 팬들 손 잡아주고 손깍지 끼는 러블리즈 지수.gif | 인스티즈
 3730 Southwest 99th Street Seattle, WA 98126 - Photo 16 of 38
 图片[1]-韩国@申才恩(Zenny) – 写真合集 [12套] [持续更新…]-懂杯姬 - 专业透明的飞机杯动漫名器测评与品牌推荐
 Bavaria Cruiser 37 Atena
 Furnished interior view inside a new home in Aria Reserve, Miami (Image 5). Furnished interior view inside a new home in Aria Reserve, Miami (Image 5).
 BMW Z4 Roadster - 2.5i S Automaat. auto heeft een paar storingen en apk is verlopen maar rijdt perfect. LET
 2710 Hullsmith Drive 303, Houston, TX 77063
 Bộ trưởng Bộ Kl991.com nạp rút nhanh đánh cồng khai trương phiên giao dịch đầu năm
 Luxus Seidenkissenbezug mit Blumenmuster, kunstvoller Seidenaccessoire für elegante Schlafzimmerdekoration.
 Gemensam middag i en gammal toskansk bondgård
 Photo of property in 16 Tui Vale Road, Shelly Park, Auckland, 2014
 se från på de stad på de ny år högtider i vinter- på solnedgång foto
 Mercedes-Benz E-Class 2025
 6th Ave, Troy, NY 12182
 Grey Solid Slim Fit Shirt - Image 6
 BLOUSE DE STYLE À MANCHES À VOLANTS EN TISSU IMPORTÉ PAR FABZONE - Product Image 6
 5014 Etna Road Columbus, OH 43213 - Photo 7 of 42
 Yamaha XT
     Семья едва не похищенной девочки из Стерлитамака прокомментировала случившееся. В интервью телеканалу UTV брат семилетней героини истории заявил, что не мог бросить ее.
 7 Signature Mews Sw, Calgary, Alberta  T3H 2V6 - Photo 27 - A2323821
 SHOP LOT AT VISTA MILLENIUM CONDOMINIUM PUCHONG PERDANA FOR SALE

※

## Problem requirements
Tally the lines above that hold "Image" and write the result as a lone number.

## Written solution
3